I had a small chat with Jens on how to use Trackback pings for gathering Weblog feedback for our upcoming event, the 20th Chaos Communication Congress. We had several ideas, one is using it just for getting feedback on any kind of report about the event, the other is to provide a trackback notification for specific lectures of the three-day event.
Then I had a look at the Trackback specification to see how I can include the trackback information in HTML. The inventors suggest encoding the information in RDF and to include the RDF – separated by its namespace – in XHTML. So that it looks like this:
<rdf:RDF xmlns:rdf="http://www.w3.org/1999/02/22-rdf-syntax-ns#" xmlns:dc="http://purl.org/dc/elements/1.1/" xmlns:trackback="http://madskills.com/public/xml/rss/module/trackback/"> <rdf:Description rdf:about="http://www.foo.com/archive/12345/" dc:identifer="http://www.foo.com/archive/12345/" dc:title="Foo Bar" trackback:ping="http://www.foo.com/tb.cgi/12345" /> </rdf:RDF>
While I agree this not a bad way of doing it, there are some problems. First, as noted in the specification as well, some browsers might not handle the separate name-space well and tend to render the code instead of ignoring it. I am not sure which browsers are affected by this but I can assume it is the usual suspects. So MT suggests the code should be put in comments instead. Well, nice trick but this totally breaks the basic idea that the information should be easy to parse: if it is hidden in a comment, the information has to be stripped „by hand“ without the help of the XML parser.
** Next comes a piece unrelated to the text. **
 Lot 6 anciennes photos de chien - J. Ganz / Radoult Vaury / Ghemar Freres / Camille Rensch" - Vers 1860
So I want to propose an alternative to this, which provides the same information to the world but makes encoding a bit less dramatic. It only works if there is a single trackback for the whole URI (the page) as it can‘t be included multiple times. But it finds it place where I think it belongs anyway: the HTML header.
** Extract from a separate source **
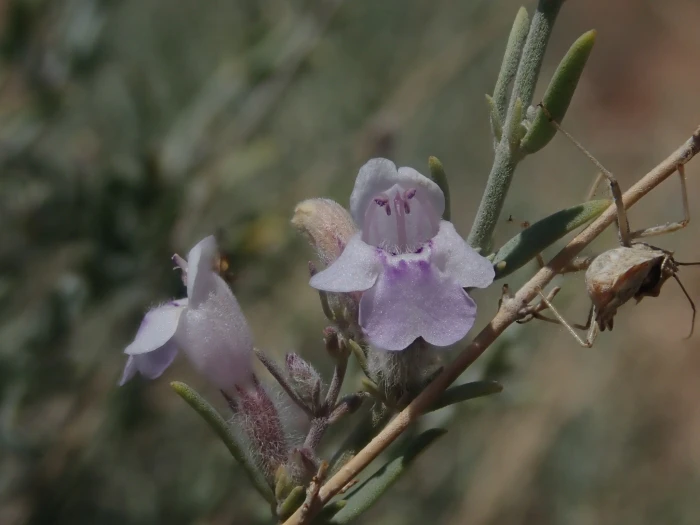 Poliomintha incana image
My idea is to use HTML <meta> tags to do the job. Here is the same trackback information as above but encoded in much simpler fashion:
<link rel="schema.trackback" href="http://madskills.com/public/xml/rss/module/trackback/" /> <meta name="trackback.ping" content="http://www.foo.com/tb.cgi/12345" />
Oops? So simple? Where has all the information gone? Well. I think everything is here: the described URI that the rdf:about
attribute refers to is implicit in my example as it refers to the URI of the document. The same goes for the dc:identifier
(which is the same) and the title (which is the title of the document). The name-space gets introduced by the link
element that defines the „trackback“ prefix. The Trackback Ping URI is defined by the meta
element that uses that name-space prefix.
Simple. Maybe too simple, I am not sure but maybe some tech wiz might comment on this. I think it is a clean approach and should work once implemented.